WHAT TO DO: Take nothing but the lines from the one with "布符（Cloth Fu）布符2025年夏季新品花卉提花旗袍女裝清新綠色修身顯瘦優(yōu)雅氣質(zhì) 花語絲韻" through the one with "LDS The Family" in the entries below, both ends kept, and return them exactly with pictures left out.

DATA RECORDS:
:::

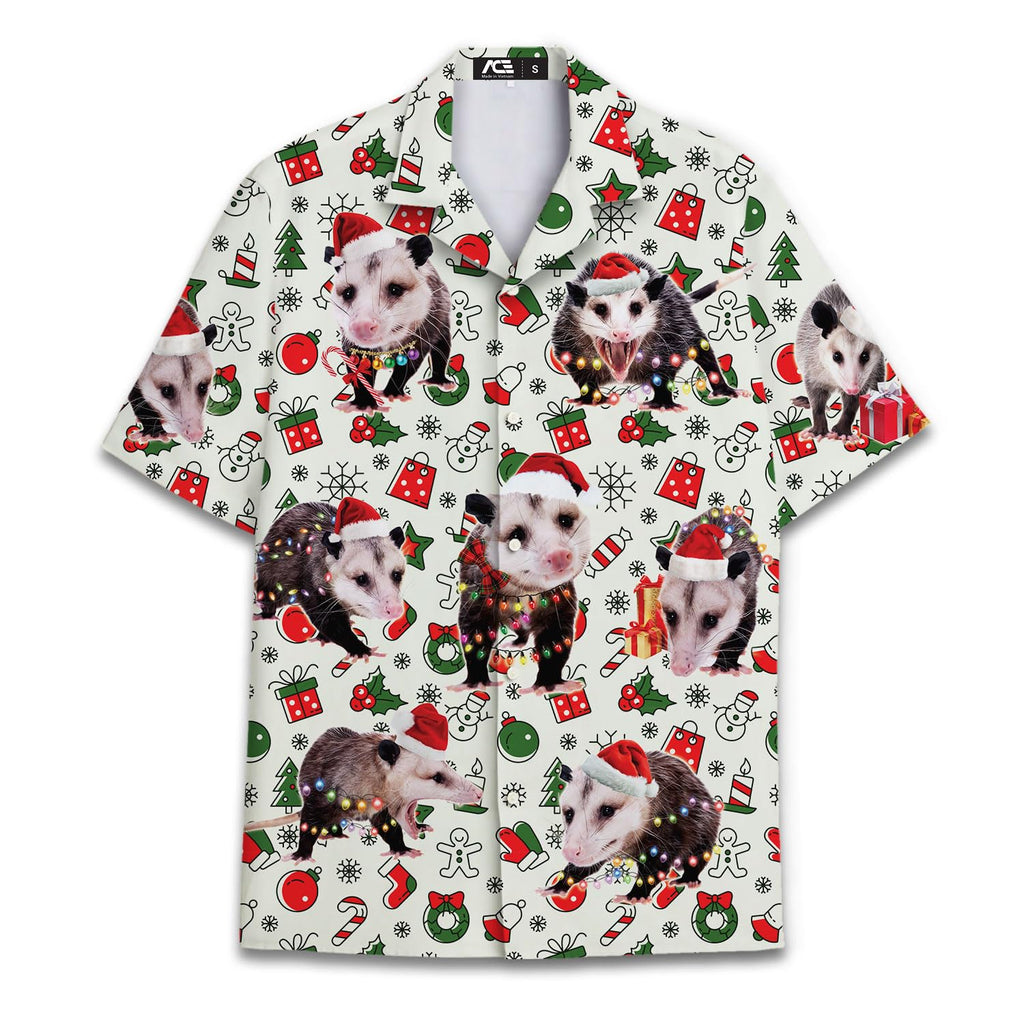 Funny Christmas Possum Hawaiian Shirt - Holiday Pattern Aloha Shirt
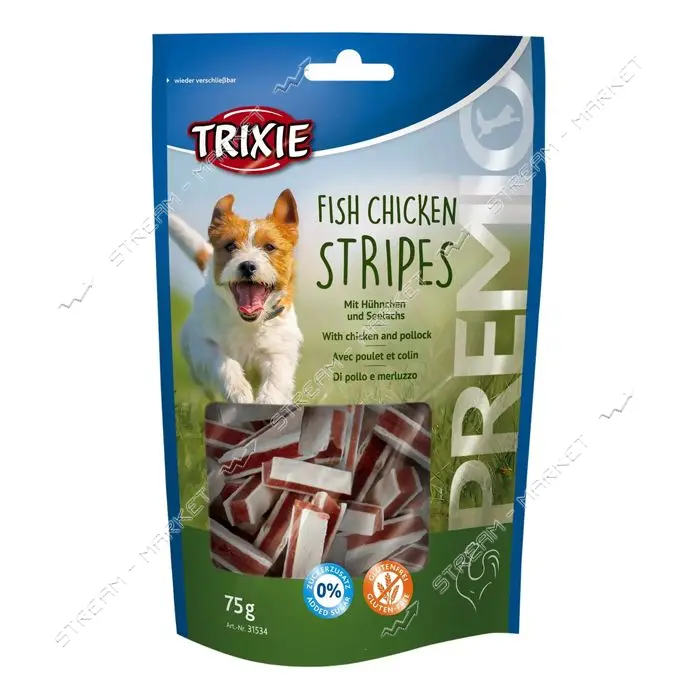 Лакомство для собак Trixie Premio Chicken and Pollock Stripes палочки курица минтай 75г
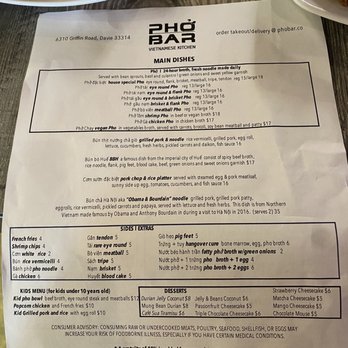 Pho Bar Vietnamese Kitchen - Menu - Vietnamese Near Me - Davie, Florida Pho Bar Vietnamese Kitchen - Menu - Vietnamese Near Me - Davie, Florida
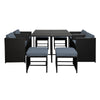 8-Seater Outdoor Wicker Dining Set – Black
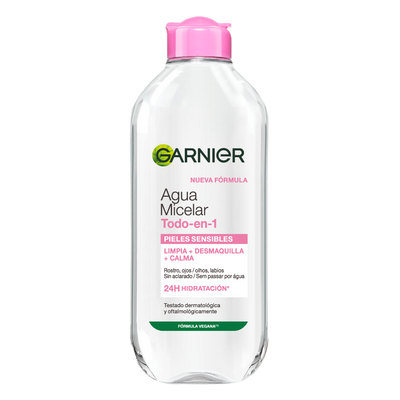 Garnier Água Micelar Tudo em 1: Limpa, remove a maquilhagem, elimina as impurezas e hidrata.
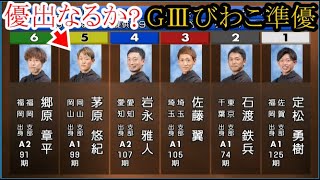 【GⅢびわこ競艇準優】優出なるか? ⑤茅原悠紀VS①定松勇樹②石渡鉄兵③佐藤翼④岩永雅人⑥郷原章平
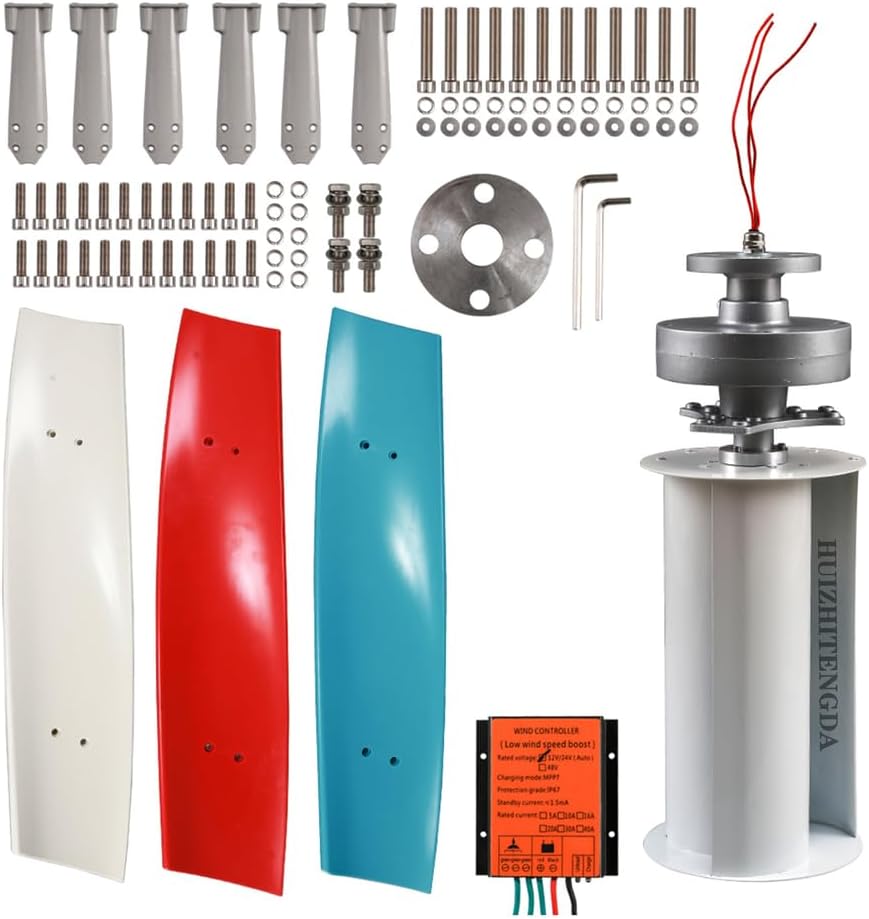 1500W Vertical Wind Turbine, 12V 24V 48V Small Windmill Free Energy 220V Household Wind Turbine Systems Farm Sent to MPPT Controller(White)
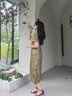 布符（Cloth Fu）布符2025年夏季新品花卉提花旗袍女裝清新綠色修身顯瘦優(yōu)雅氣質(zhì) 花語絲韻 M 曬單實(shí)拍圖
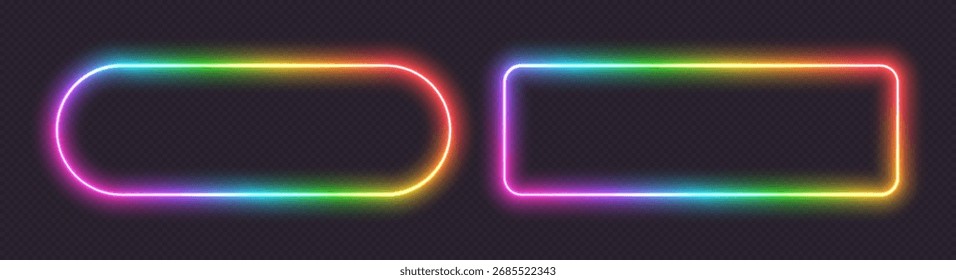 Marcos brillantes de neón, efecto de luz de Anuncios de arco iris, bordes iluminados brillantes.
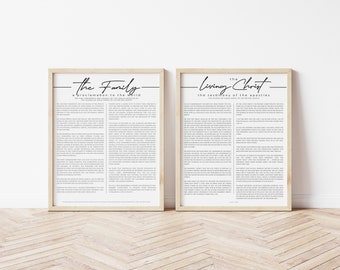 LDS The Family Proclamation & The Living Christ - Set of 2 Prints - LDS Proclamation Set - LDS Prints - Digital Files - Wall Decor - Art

:::

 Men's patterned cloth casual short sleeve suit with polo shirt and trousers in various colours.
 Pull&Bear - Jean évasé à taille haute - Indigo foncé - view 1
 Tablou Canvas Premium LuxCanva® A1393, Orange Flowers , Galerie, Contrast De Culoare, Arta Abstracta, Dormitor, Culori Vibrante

:::

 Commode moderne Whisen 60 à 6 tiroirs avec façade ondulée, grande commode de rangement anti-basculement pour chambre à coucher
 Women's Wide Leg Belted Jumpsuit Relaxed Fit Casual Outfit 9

:::

EXPECTED ANSWER:
 布符（Cloth Fu）布符2025年夏季新品花卉提花旗袍女裝清新綠色修身顯瘦優(yōu)雅氣質(zhì) 花語絲韻 M 曬單實(shí)拍圖
 Marcos brillantes de neón, efecto de luz de Anuncios de arco iris, bordes iluminados brillantes.
 LDS The Family Proclamation & The Living Christ - Set of 2 Prints - LDS Proclamation Set - LDS Prints - Digital Files - Wall Decor - Art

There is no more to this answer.